On Sun, 2011-06-19 at 09:59 +0800, Ed Greshko wrote:
> Since the MAC address is in the hardware I would venture to say that
> the IP address being assigned to an interface is the same no matter if
> you boot to Linux or Windows.

Depending on the DHCP server, it may use the MAC plus some other (UID)
information when assigning leases.  I found that with dual-booting, I
did get different IPs unless I hard configured my DHCP server to assign
IPs to specific MACs.  The default automatic configuration saw Linux
just assigned by MAC; and Windows supplying MAC, plus something else,
got a different IP.

e.g.

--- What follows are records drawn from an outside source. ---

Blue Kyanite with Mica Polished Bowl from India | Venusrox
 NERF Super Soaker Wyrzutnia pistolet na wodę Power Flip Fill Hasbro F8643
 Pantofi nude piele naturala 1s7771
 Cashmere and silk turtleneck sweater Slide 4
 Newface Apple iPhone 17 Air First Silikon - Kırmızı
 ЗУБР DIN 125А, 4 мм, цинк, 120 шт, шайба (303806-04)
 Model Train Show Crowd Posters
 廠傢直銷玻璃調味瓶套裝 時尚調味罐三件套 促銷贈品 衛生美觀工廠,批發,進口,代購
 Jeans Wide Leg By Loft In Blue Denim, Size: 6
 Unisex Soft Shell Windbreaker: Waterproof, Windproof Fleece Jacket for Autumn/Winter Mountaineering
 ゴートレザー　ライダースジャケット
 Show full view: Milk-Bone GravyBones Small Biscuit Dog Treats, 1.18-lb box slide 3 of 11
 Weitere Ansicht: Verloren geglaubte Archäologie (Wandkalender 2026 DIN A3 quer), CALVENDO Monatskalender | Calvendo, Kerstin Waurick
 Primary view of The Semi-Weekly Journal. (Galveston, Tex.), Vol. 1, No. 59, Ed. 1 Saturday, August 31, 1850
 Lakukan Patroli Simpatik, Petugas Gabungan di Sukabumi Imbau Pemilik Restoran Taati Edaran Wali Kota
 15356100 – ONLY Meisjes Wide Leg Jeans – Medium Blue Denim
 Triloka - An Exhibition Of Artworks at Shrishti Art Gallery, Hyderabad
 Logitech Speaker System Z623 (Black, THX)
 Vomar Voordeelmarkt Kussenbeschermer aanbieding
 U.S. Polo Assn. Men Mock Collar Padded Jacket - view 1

The last line in this /var/libs/dhcp/dhcpd.leases stanza (on the
DHCP server) is present in Windows clients leases, but absent with Linux
clients.

lease 192.168.1.197 {
  starts 5 2008/08/22 11:36:29;
  ends 1 2008/08/25 14:20:43;
  tstp 1 2008/08/25 14:20:43;
  binding state free;
  hardware ethernet 00:1b:77:0a:65:e4;
  uid "\001\000\033w\012e\344";
}

> 
> Also, I don't know of any DHCP server that makes use of the supplied
> host name to make its reservation decisions.

Me either, but I think you could probably use scripts with your own
server, or perhaps just some configuration, to make that kind of use of
it if you wanted.

I've seen servers use the supplied name in the current leases (e.g. on
routers showing the currently connected machines) and adding those
hostnames to local DNS servers (when they integrate DHCP and DNS
serving).  The client can ask for it and keep it, but I've not noticed
it being a part of lease reservation.

-- 
[tim@localhost ~]$ uname -r
2.6.27.25-78.2.56.fc9.i686

Don't send private replies to my address, the mailbox is ignored.  I
read messages from the public lists.